* **Exercise aim**
In the entries that follow, repeat exactly the lines from the one that has "Termites eat the" through the one that has "If you want", but omit pictures.

* **Extracted data**
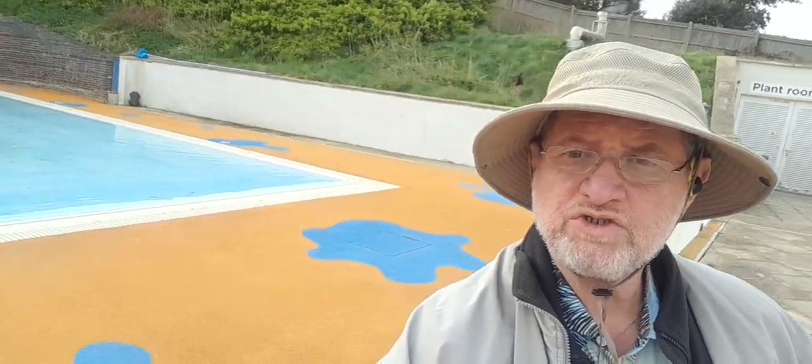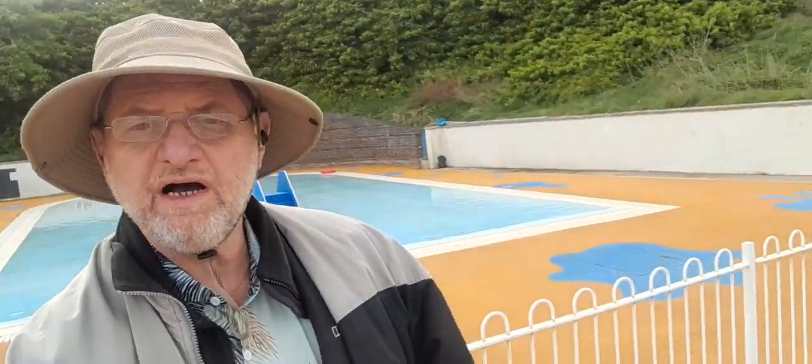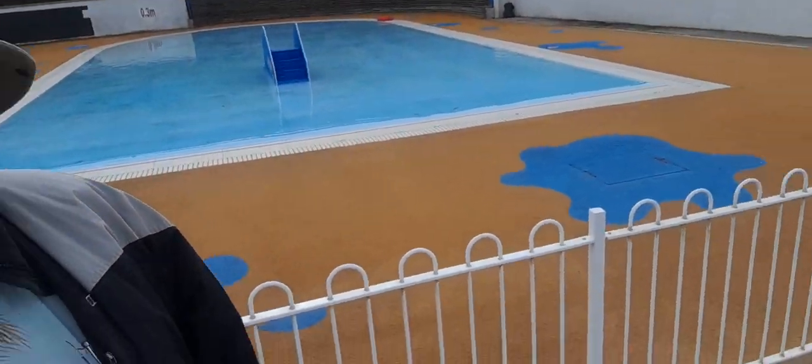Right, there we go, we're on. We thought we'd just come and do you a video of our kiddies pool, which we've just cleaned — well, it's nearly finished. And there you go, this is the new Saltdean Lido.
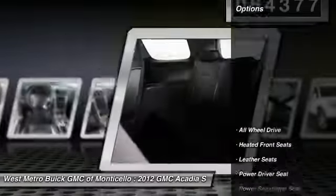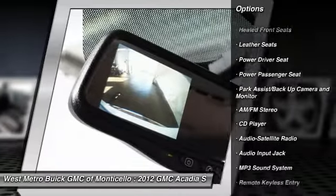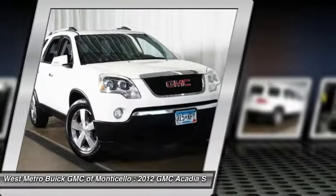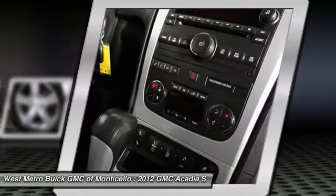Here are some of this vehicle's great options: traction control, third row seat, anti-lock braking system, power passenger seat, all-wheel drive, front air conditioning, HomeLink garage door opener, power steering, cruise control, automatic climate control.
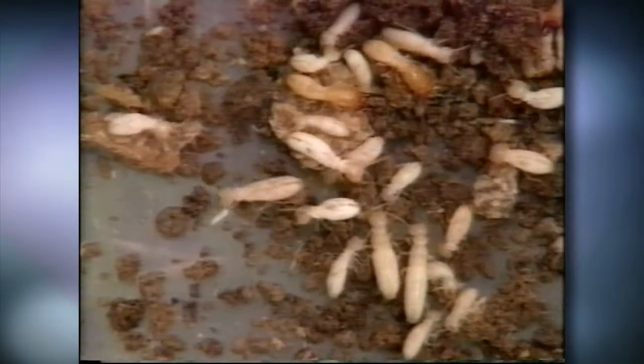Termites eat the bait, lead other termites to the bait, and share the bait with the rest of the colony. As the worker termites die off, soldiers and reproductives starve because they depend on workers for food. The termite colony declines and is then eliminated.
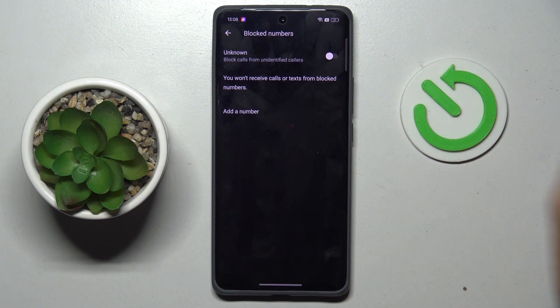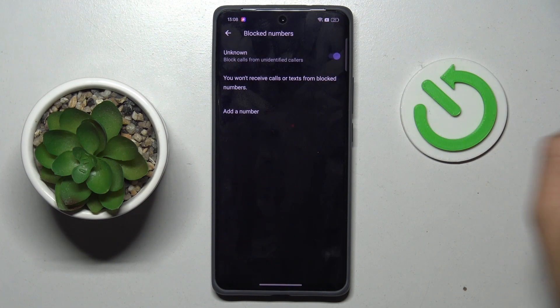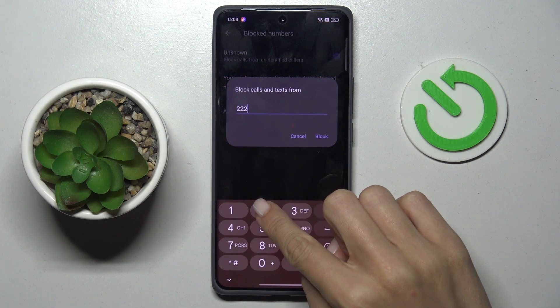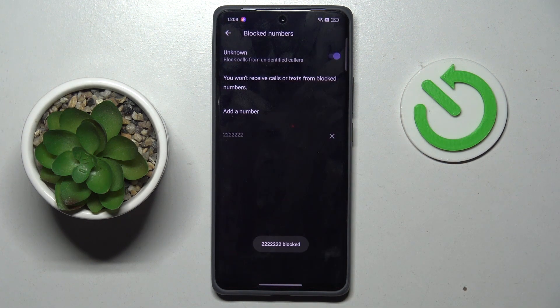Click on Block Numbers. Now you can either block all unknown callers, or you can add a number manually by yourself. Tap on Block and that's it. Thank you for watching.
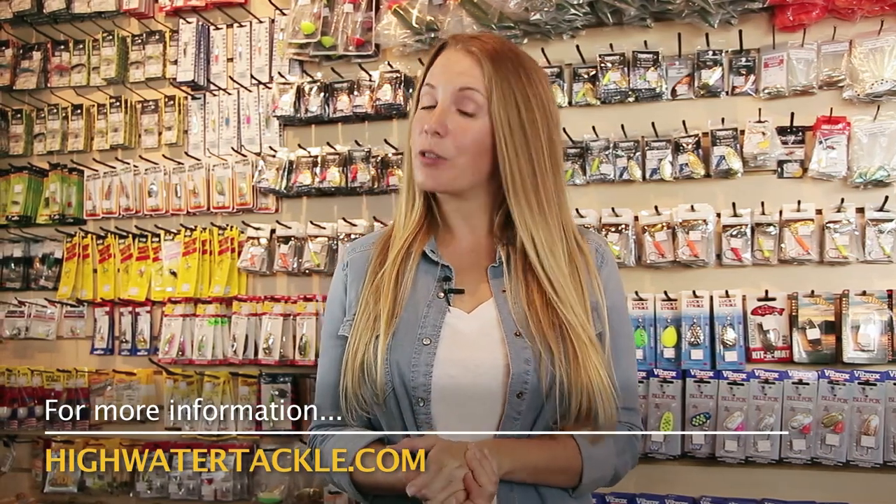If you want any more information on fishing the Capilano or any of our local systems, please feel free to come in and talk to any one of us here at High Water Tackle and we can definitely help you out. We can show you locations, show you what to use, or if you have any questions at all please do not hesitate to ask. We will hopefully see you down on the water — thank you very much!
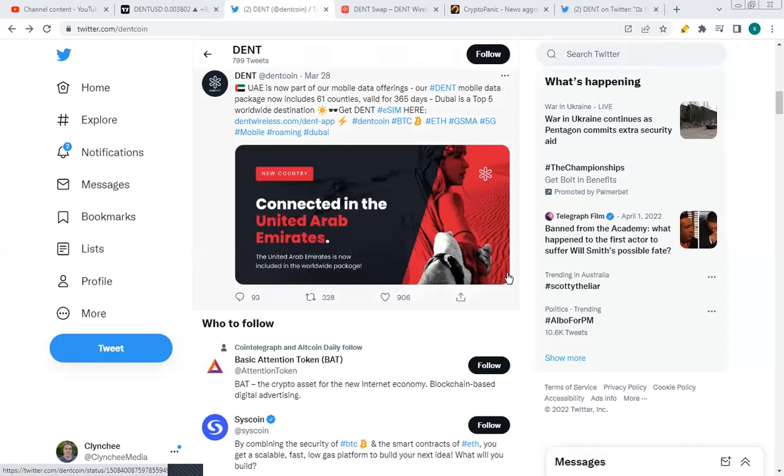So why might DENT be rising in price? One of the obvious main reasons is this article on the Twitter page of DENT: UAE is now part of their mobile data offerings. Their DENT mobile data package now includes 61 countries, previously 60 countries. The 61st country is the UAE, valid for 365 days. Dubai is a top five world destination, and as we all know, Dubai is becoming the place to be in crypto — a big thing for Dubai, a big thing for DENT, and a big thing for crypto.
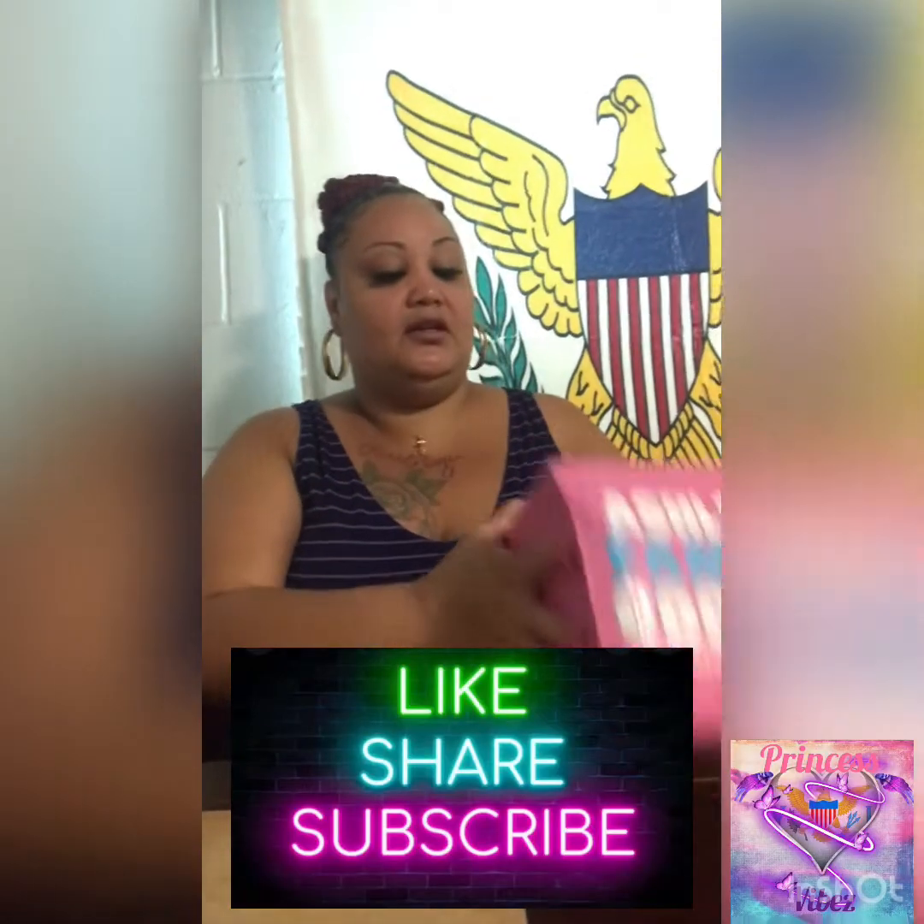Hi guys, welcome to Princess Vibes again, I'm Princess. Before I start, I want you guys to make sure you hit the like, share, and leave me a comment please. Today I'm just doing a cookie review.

* **Task response**
Termites eat the bait, lead other termites to the bait, and share the bait with the rest of the colony. As the worker termites die off, soldiers and reproductives starve because they depend on workers for food. The termite colony declines and is then eliminated.
Click on Block Numbers. Now you can either block all unknown callers, or you can add a number manually by yourself. Tap on Block and that's it. Thank you for watching.
If you want any more information on fishing the Capilano or any of our local systems, please feel free to come in and talk to any one of us here at High Water Tackle and we can definitely help you out. We can show you locations, show you what to use, or if you have any questions at all please do not hesitate to ask. We will hopefully see you down on the water — thank you very much!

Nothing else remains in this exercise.